The problem with change is that we all hate it. All of us hate it at varying levels and in different ways, but no one can say that they always love change.
Since classes finished for the summer I’ve been reading a book titled Spirituality by Carl McColman. It has been a fun read because Carl takes a very nonacademic approach toward a relationship with God. Something that is needed for me after a long school year.
Carl tackles the problem of change for religious people in a great way. He says:
Religions resist change for the simple reason that any given change might prove to be spiritually harmful. The attitude in such resistance is, “if it isn’t broken, don’t fix it.”
Even the Book of Common Prayer shows Christianity’s incessant fear with change. It says (page 133):
Protect us through the hours of this night, so that we who are wearied by the changes and chances of this life may rest in your eternal changelessness.
I often wonder if those who resist change within their churches are more scared that something bad could happen rather than hoping change could produce a greater good.
The difference of mindset changes everything.
The problem with change can also be that there are areas where Christianity should not change. A life of following Christ should mean there are areas that never change and areas where change should be endless. And the only way to determine all this is through discernment.

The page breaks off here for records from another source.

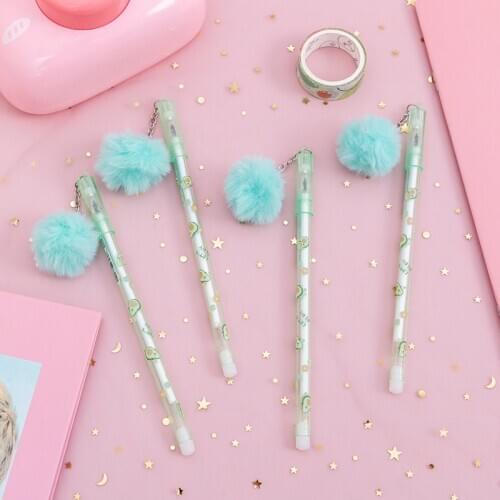 8 PCs Student Creative Pompons Avocado Transparent Rod Gel Pen Black Student Stationery Gel Pen Wholesale Custom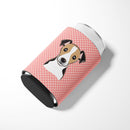 Checkerboard Pink Jack Russell Terrier Can or Bottle Hugger Cooler Sleeve for Standard 12 oz Cans, Insulated Foam Beer & Soda Can Hugger Reusable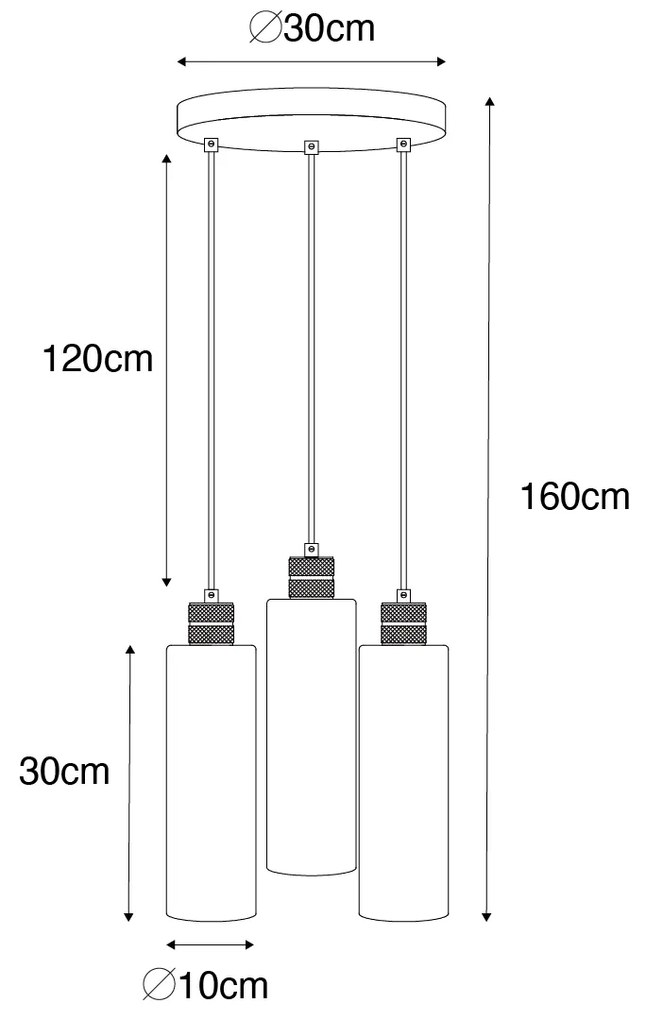 Moderné závesné svietidlo čierne s dymovým sklom 3-svetlo - Stavelot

If I could sum up the problem churches are having in reaching my generation it would be in one word: change. Churches have created sacred cows that they will not allow to change and in turn they run the young people out of their church. Sure, the millennial generation has a problem some call an entitlement complex (wanting control before it is earned), but when churches refuse to change in all the wrong areas they have no choice but to start their own thing.